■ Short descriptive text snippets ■
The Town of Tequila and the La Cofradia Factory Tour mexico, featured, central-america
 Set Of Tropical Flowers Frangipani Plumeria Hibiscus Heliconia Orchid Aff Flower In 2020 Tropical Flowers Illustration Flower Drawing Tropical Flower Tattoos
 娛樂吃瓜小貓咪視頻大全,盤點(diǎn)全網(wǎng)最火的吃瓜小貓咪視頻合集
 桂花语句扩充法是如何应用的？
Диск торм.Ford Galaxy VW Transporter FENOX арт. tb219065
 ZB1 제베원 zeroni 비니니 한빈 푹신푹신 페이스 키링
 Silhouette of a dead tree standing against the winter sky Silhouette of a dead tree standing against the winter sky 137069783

■ PROBLEM TO WORK ON ■
Return the records above verbatim, in their entirety.

■ SOLUTION TO THIS PROBLEM ■
The Town of Tequila and the La Cofradia Factory Tour mexico, featured, central-america
 Set Of Tropical Flowers Frangipani Plumeria Hibiscus Heliconia Orchid Aff Flower In 2020 Tropical Flowers Illustration Flower Drawing Tropical Flower Tattoos
 娛樂吃瓜小貓咪視頻大全,盤點(diǎn)全網(wǎng)最火的吃瓜小貓咪視頻合集
 桂花语句扩充法是如何应用的？
Диск торм.Ford Galaxy VW Transporter FENOX арт. tb219065
 ZB1 제베원 zeroni 비니니 한빈 푹신푹신 페이스 키링
 Silhouette of a dead tree standing against the winter sky Silhouette of a dead tree standing against the winter sky 137069783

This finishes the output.